# SQL Overview

SQL is a domain-specific language used in programming and designed for managing data held in a database management system. A standard for the specification of SQL is maintained by the American National Standards Institute (ANSI). Also, there are many variants and extensions to SQL to express more specific programs.

The SQL grammar of HStreamDB (opens new window) is based on a subset of SQL-92 with some extensions to support stream operations.

# Syntax

SQL inputs are made up of a series of statements. Each statement is made up of a series of tokens and ends in a semicolon (;).

A token can be a keyword argument, an identifier, a literal, an operator, or a special character. The details of the rules can be found in the BNFC grammar file (opens new window). Normally, tokens are separated by whitespace.
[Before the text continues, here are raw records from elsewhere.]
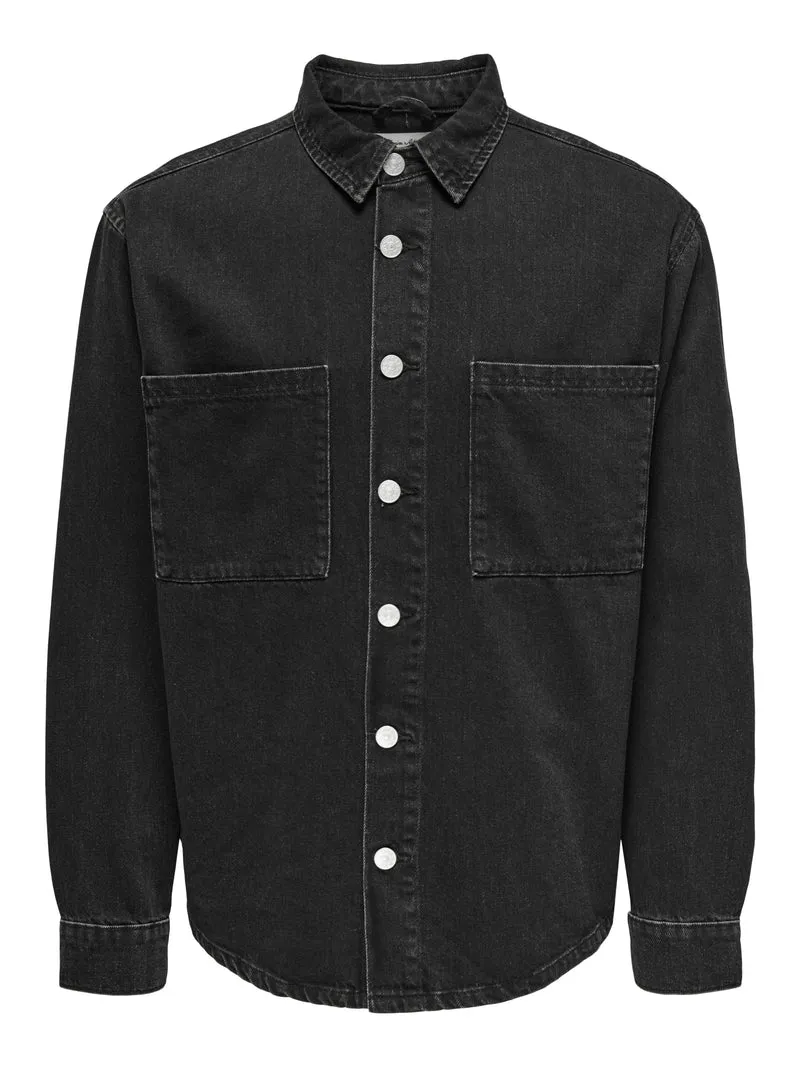 ONSALP BOX AZG DNM JACKET, Washed Black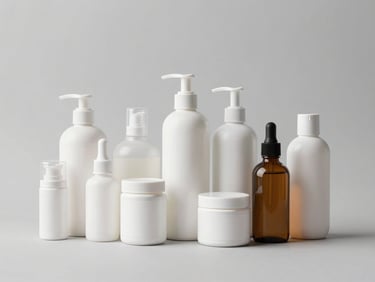 Neatly arranged bottles and jars of health and beauty products on a neutral background, clean studio lighting, high-key.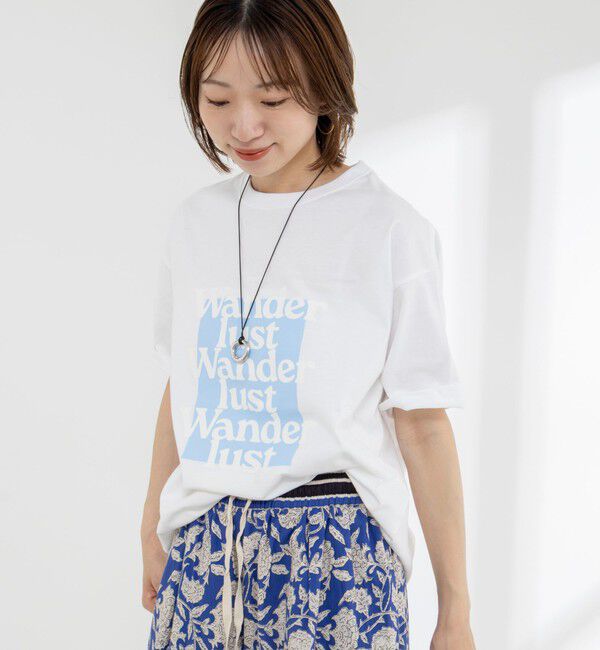 Rie Miller「Wander lustウォッシャブルワイドシルエットプリントTシャツ」|Tシャツ・カットソー|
The following examples are syntactically valid SQL statements:

SELECT * FROM my_stream;

CREATE STREAM abnormal_weather AS SELECT * FROM weather WHERE temperature > 30 AND humidity > 80 WITH (REPLICATE = 3);

INSERT INTO weather (cityId, temperature, humidity) VALUES (11254469, 12, 65);
1
2
3
4
5

# Keywords

Some tokens such as SELECT, INSERT and WHERE are reserved keywords, which have specific meanings in SQL syntax. Keywords are case insensitive, which means that SELECT and select are equivalent. A keyword can not be used as an identifier.

For a complete list of keywords, see the appendix.

# Identifiers

Identifiers are tokens that represent user-defined objects such as streams, fields, and other ones. For example, my_stream can be used as a stream name, and temperature can represent a field in the stream.
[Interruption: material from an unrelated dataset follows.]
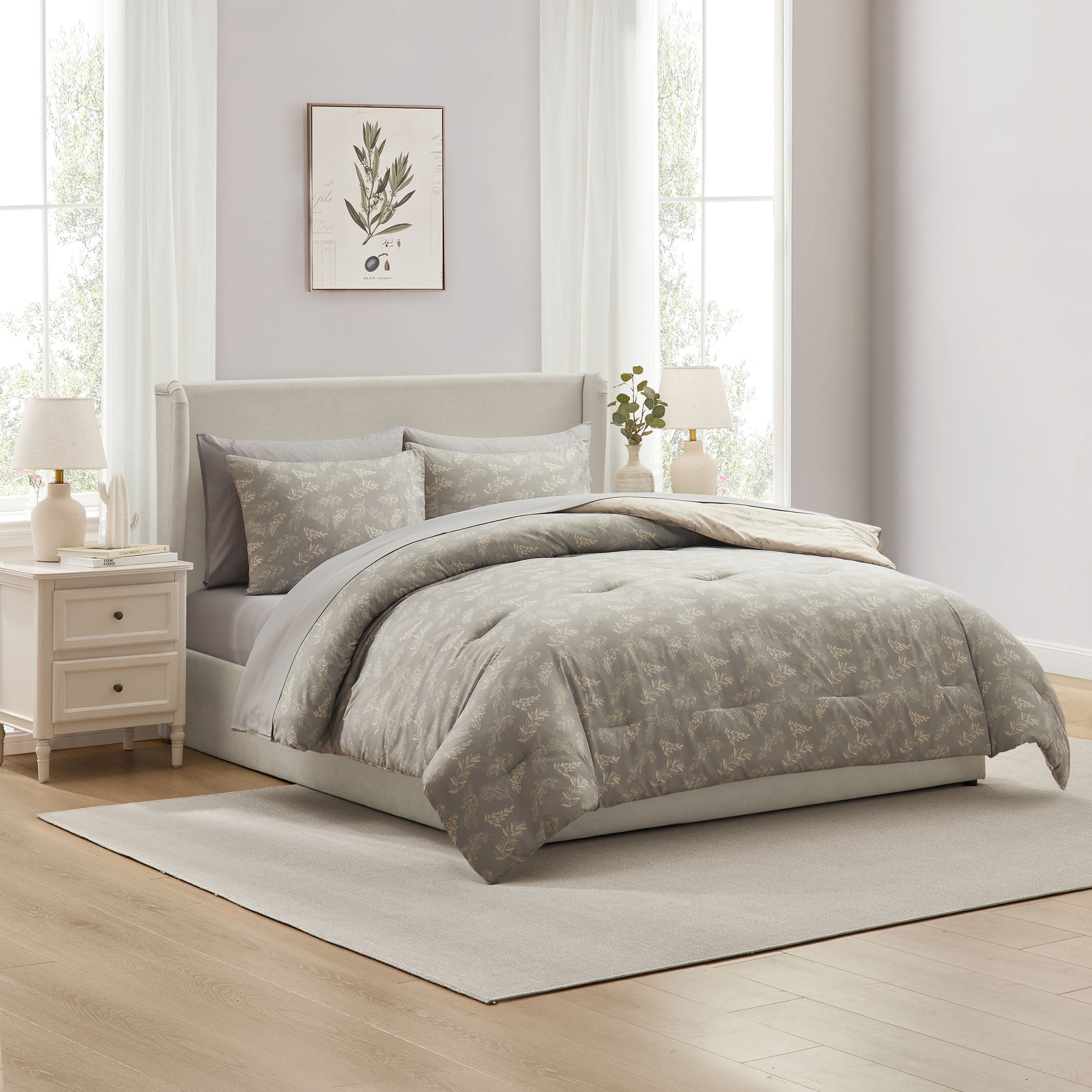 LammaLoe Twin Comforter Sets, 5 Piece Botanical Bed in a Bag, Reversible Bedding Comforter Set with Sheets, Modern Bed Set, Lunar Grey/Pale Champagne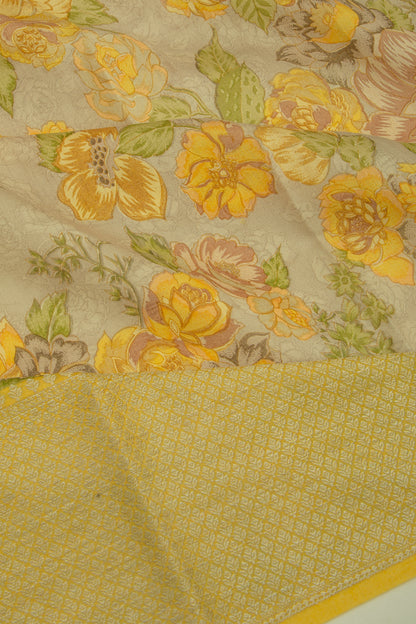 Munga Tussar Floral Printed Grey Saree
By now, identifiers only support C-style naming rules. It means that an identifier name can only have letters (both uppercase and lowercase letters), digits, and the underscore. Besides, the first letter of an identifier should be either a letter or an underscore.
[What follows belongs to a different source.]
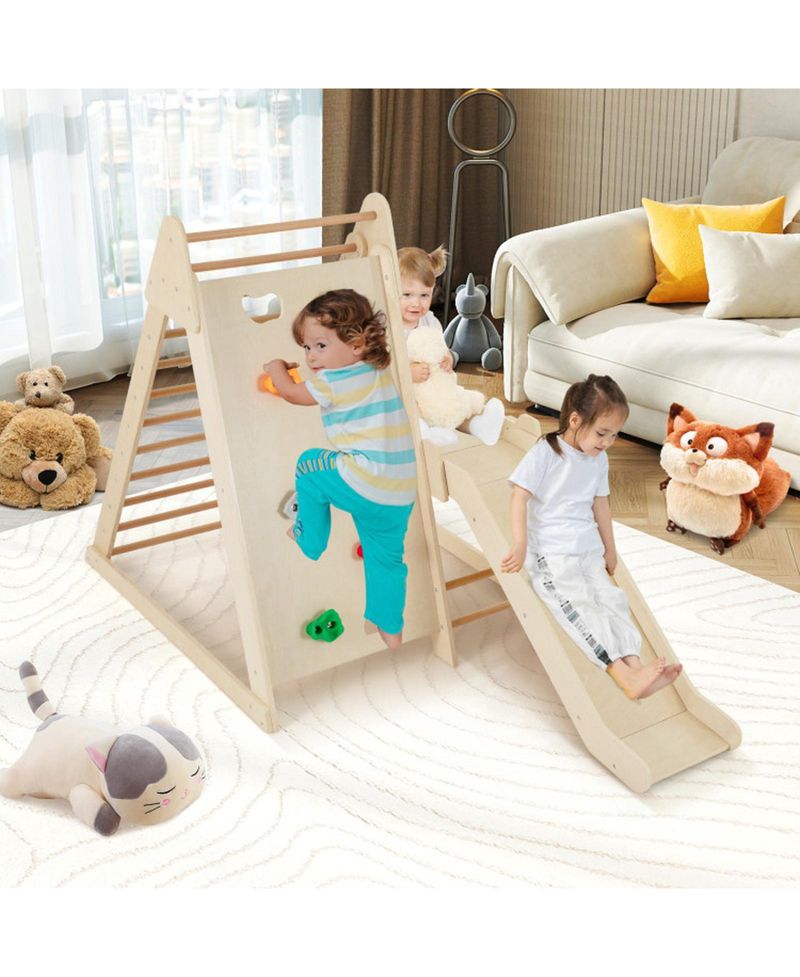 3-in-1 Indoor Jungle Gym with Extended Slide, Ages 3+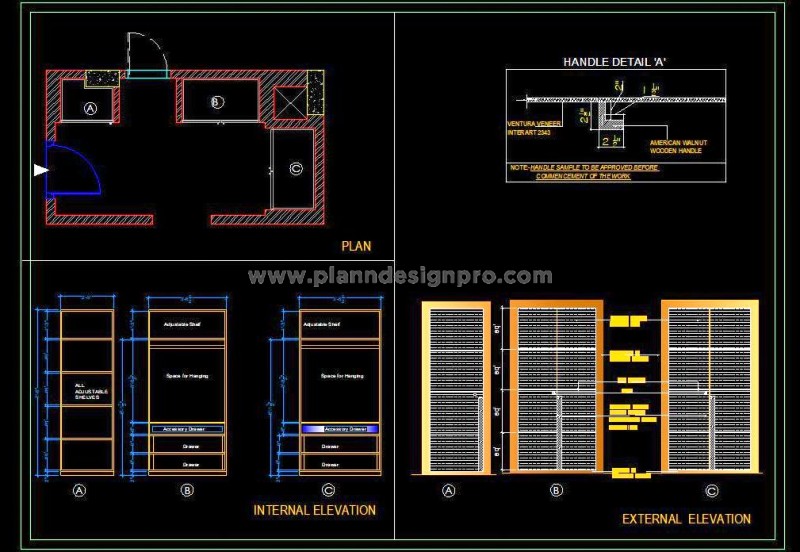 Dresser Room with Wardrobe Design- DWG Download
By now, identifiers are case sensitive, which means that my_stream and MY_STREAM are different identifiers.

# Literals (Constants)

Literals are objects with known values before being executed. There are six types of constants: integers, floats, strings, dates, time, and intervals so far.

# Integers

Integers are in the form of digits, where digits are one or more single-digit integers (0 through 9). Negatives such as -1 are also supported. Note that scientific notation is not supported yet.

# Floats

Floats are in the form of digits . digits. Negative floats such as -11.514 are supported. Note that

  • scientific notation is not supported yet.
  • Forms such as 1. and .99 are not supported yet.

# Strings

Strings are arbitrary character series surrounded by double quotes ("), such as "JSON".

# Dates

Dates represent a date exact to a day in the form of DATE <year>-<month>-<day>, where <year>, <month> and <day> are all integer constants. Note that the leading DATE should not be omitted.

Example: DATE 2021-01-02

# Time

Time constants represent time exact to a second in the form of TIME <hour>-<minute>-<second>, where <hour>, <minute> and <second> are all integer constants. Note that the leading TIME should not be omitted.

Example: TIME 11:45:14

# Intervals

Intervals represent a time section in the form of INTERVAL <num> <time_unit>, where <num> is an integer constant and <time_unit> is one of YEAR, MONTH, WEEK, DAY, MINUTE and SECOND. Note that the leading INTERVAL should not be omitted.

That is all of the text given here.